Mark Harris, CEO of mortgage broker SPF Private Clients: 

“With mortgage approvals falling only slightly in August, the underlying resilience of the housing market is in evidence despite many challenges facing it. 

“The effective interest rate paid on new mortgages fell to 4.26 per cent in August and since then, we have seen some lenders trim their mortgage rates further. 

“However, with the rate on the outstanding stock of mortgages increasing slightly to 3.89 per cent, affordability remains a concern for many. 

“Remortgaging numbers have also dropped, suggesting that borrowers may be sticking with their existing lender and refinancing rather than going through the hassle of another mortgage application with a new lender.”

Tomer Aboody, director at specialist lender MT Finance: 

“The ongoing uncertainty with regard to the upcoming Budget is inevitably resulting in buyers and sellers adopting a ‘wait and see’ approach. 

“Despite cheaper borrowing rates, transactional levels remain stunted. 

“This further underlines the case for the Chancellor taking action to reduce or reform stamp duty in order to allow the market to really start to function effectively, which in turn will help strengthen the wider economy.”
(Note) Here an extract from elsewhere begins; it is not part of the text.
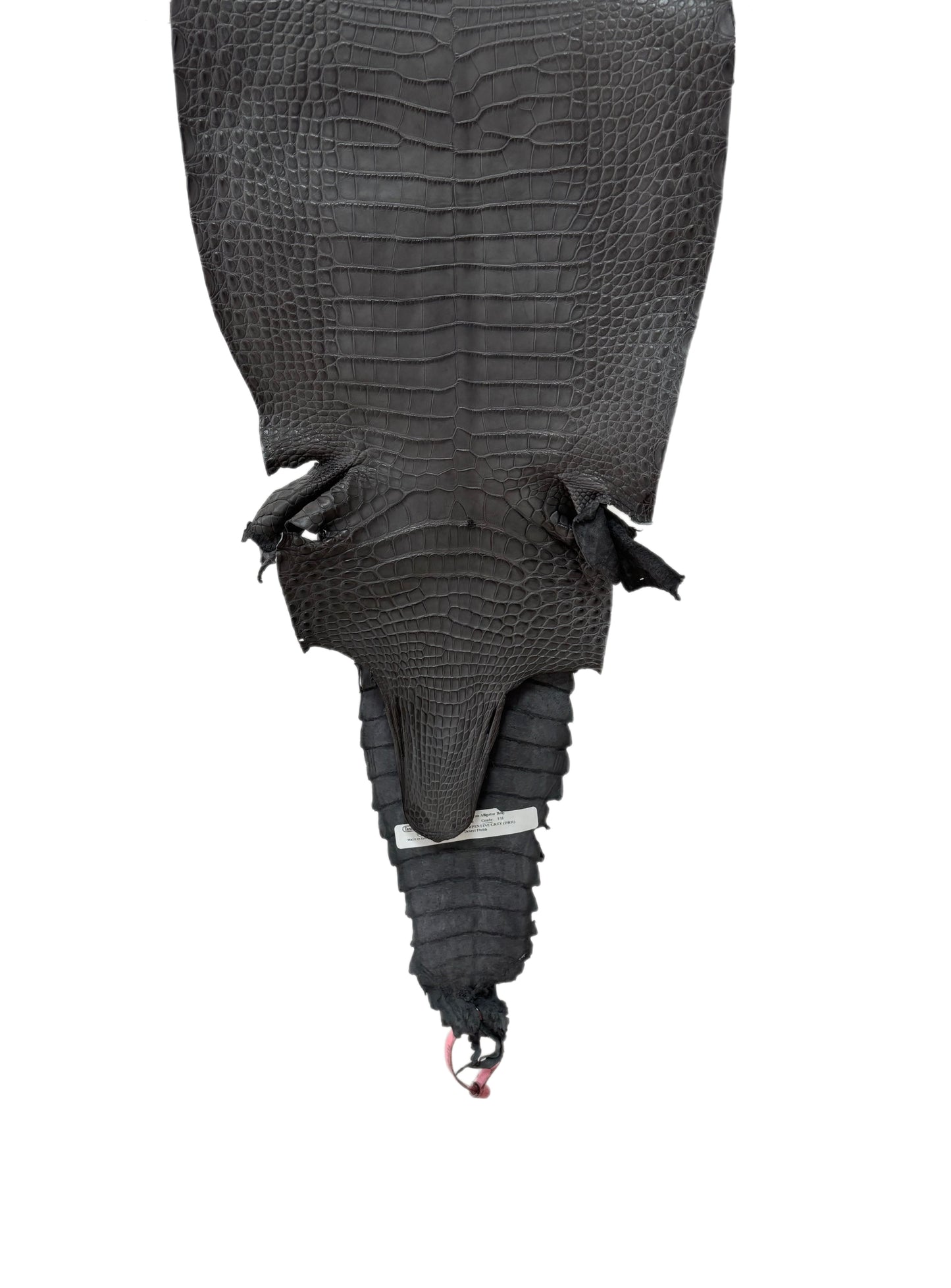 29 cm Grade 1/2 Serpentine Grey Matte Farm-Raised American Alligator Leather - Tag: FL21-0024046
Stephanie Daley, director of partnerships at Alexander Hall: 

“While mortgage approvals have dipped slightly on a monthly basis this is almost certainly down to summer seasonality and the broader picture remains one of resilience, with activity consistently holding above the 60,000 threshold for well over a year. 
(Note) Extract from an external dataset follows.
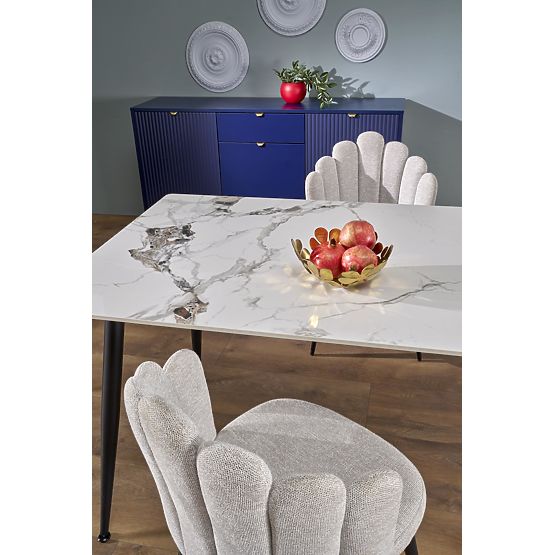Table EMILIO 140 plateau - marbre blanc, pieds - noir (2p=1pc)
“This level of consistency highlights that underlying buyer demand is strong, and recent incentives, such as the decision to make the Mortgage Guarantee Scheme permanent and adjustments to loan-to-income caps, are helping to improve accessibility and affordability across the market. 

“At the same time, major lenders have already started to respond with more flexible criteria, enabling more buyers to secure the finance they need. 

“Looking ahead, the outlook for the remainder of the year remains positive, and we expect these supportive measures to underpin continued buyer activity.”

Jonathan Samuels, CEO at Octane Capital: 

“A marginal month on month dip in approval numbers suggests that buyer appetites remain robust, however, the challenge facing the market at present isn’t a lack of intent on the side of homebuyers, but this intent translating into action. 

“We’re simply not seeing buyers commit which has led to a surplus of stock and, as a result, sellers are finding transaction timelines increasingly lengthy and fraught with potential pitfalls. 

“This has driven an increase in fall-throughs, with many buyers and sellers seeing chains collapse at the eleventh hour. 

“In these circumstances, we’ve seen a growing number of residential sellers turn to the specialist finance sector to secure bridging loans, helping them to protect their onward purchase and keep transactions on track. 

“This highlights the critical role that specialist lending plays in today’s market, providing the flexibility and certainty required to overcome obstacles that the mainstream mortgage process often cannot resolve.”

Colby Short, co-founder and CEO of GetAgent: 

“Mortgage approvals dipped slightly in August, putting an end to three straight months of upward growth. 

“However, a seasonal slowdown in mortgage market activity is hardly surprising given the distraction of the summer sun and the school holidays, which tend to slow productivity across many areas of life. 

“The broader picture, however, remains one of consistency and with an improving mortgage landscape offering more products, sharper rates, and greater flexibility, demand is being well supported. 

“The latest hold on the base rate will only help to steady the ship as we head into a traditionally busy time of year, leaving the market well positioned for a late surge to the finish line in 2025.”